COCO vs YOLO vs Native JSON

Format	Shapes	Coordinates	Best for
YOLO TXT	Bounding boxes only	Normalised	YOLOv5/v8/v11 detect training
COCO JSON	Boxes + polygons	Absolute pixels	Detectron2, MMDet, segment training
Native JSON	All shapes + layers + metadata	Absolute pixels	Storing and re-importing full scenes

Use COCO when your framework expects it and you need polygon segmentation support. Use YOLO TXT when you only need bounding boxes and your framework reads the Darknet format. Use native JSON to preserve the full scene for later editing.

Creating COCO Annotations with RegionKit

1. Load Your Image

Open editor.regionkit.app and drag your image onto the canvas. No account or installation required.

2. Draw Annotations

For bounding boxes: press R, click the first corner, click the opposite corner.
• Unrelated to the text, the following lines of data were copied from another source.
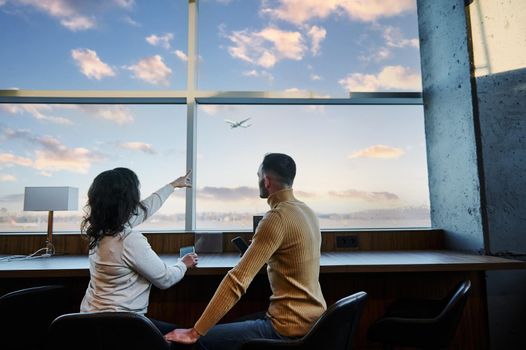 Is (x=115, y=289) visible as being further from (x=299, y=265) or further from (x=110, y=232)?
(x=299, y=265)

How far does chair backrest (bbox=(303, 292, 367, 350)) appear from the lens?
0.99m

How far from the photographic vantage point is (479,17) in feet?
7.38

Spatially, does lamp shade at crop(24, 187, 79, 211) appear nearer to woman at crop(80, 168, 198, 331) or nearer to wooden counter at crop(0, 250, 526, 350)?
wooden counter at crop(0, 250, 526, 350)

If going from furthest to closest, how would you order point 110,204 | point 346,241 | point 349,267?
point 346,241 < point 349,267 < point 110,204

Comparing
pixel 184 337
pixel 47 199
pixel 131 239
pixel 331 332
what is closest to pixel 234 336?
pixel 184 337

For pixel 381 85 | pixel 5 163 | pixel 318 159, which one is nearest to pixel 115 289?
pixel 318 159

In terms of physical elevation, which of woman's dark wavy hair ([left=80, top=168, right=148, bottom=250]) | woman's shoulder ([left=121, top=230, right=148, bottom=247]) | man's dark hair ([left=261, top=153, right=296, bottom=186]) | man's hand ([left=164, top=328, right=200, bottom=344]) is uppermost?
man's dark hair ([left=261, top=153, right=296, bottom=186])

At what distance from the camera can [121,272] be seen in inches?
50.2

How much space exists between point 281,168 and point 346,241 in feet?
4.08

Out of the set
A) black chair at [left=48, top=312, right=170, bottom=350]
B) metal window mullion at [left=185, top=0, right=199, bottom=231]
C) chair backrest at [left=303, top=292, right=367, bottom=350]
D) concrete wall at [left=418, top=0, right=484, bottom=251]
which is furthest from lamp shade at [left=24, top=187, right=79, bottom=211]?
concrete wall at [left=418, top=0, right=484, bottom=251]

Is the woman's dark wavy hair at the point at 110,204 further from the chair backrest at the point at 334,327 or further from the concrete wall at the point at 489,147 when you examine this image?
the concrete wall at the point at 489,147

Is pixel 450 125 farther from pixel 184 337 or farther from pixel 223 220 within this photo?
pixel 184 337

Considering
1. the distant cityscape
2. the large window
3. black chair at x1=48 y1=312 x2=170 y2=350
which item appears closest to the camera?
black chair at x1=48 y1=312 x2=170 y2=350

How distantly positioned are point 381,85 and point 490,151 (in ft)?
3.48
The rectangle tool commits on the second click.

For polygon segmentation: press P, click each vertex of the object boundary, then double-click or press Enter to close. You can adjust vertices afterwards by selecting the shape and dragging the handle circles.

3. Set Class Labels

Select each annotation and set the Label field in the Properties panel. The COCO export uses these labels to build the categories list.

4. Export COCO JSON

Click Export → COCO JSON in the toolbar. RegionKit generates a valid COCO file with:

One image entry for the loaded image
One category entry per unique label
One annotation entry per shape, with both bbox and segmentation fields populated

For rectangles, segmentation contains the four corners as a polygon ring — compatible with any framework that reads COCO segmentation.
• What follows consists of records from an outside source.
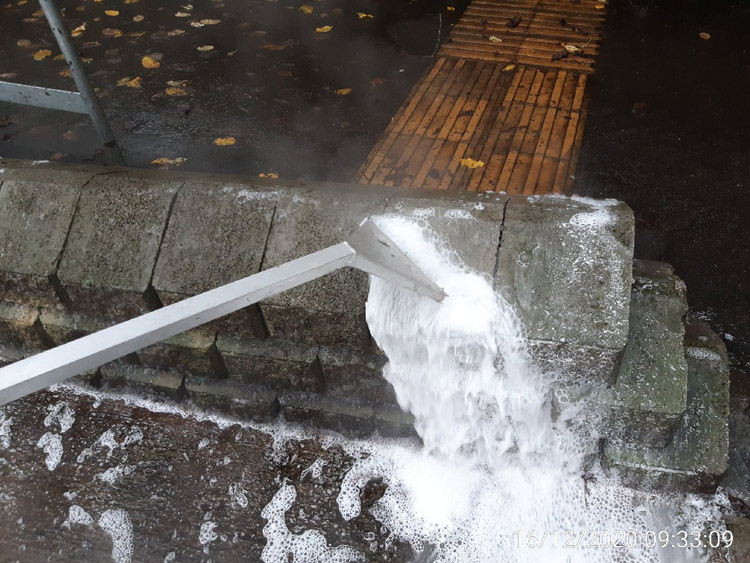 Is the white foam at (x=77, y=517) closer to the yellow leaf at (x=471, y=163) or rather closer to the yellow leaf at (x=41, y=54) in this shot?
the yellow leaf at (x=471, y=163)

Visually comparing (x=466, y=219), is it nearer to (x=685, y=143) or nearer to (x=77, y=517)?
(x=77, y=517)

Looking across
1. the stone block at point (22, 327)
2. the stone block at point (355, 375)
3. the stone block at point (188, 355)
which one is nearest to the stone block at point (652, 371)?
the stone block at point (355, 375)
Reading the Export in Python

import json

with open('scene_coco.json') as f:
    coco = json.load(f)

# Build a label map
id_to_name = {cat['id']: cat['name'] for cat in coco['categories']}

# Print all polygon annotations
for ann in coco['annotations']:
    label = id_to_name[ann['category_id']]
    bbox = ann['bbox']  # [x, y, w, h]
    poly = ann['segmentation'][0]  # flat [x0, y0, x1, y1, ...]
    print(f"{label}: bbox={bbox}, vertices={len(poly)//2}")

Loading into a Training Framework

For Detectron2:

from detectron2.data.datasets import register_coco_instances

register_coco_instances(
    "my_dataset_train",
    {},
    "annotations/scene_coco.json",
    "images/train"
)

For YOLOv8 segmentation (ultralytics):

Convert COCO to YOLO segmentation format using the built-in converter, or point the data.yaml at the COCO file directly with format: coco.

Common Pitfalls

Category IDs start at 1. Some frameworks crash with category ID 0 in COCO format (it’s reserved). RegionKit’s COCO export assigns IDs starting from 1.
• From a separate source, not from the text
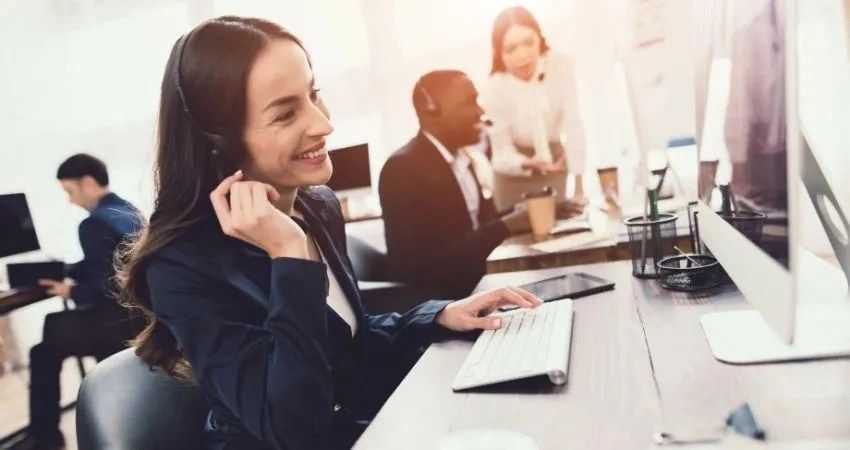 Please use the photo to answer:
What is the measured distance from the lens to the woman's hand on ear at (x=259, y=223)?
0.95 meters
segmentation is a list of rings. Even for a simple polygon, segmentation is [[x0, y0, x1, y1, ...]] — a list containing one flat list. The double-nesting is required by the COCO spec and catches many parsers off guard.

bbox is [x, y, w, h], not [x1, y1, x2, y2]. The COCO bounding box format is top-left origin plus width/height, not two corner points. Convert if your downstream code expects xyxy.

# COCO [x, y, w, h] → xyxy
x, y, w, h = bbox
x1, y1, x2, y2 = x, y, x + w, y + h

Re-importing COCO Files

RegionKit can import COCO JSON back into the editor. Go to Import → COCO JSON and select the file. Polygon and rectangle annotations are reconstructed on the canvas for further editing, re-export, or visual review.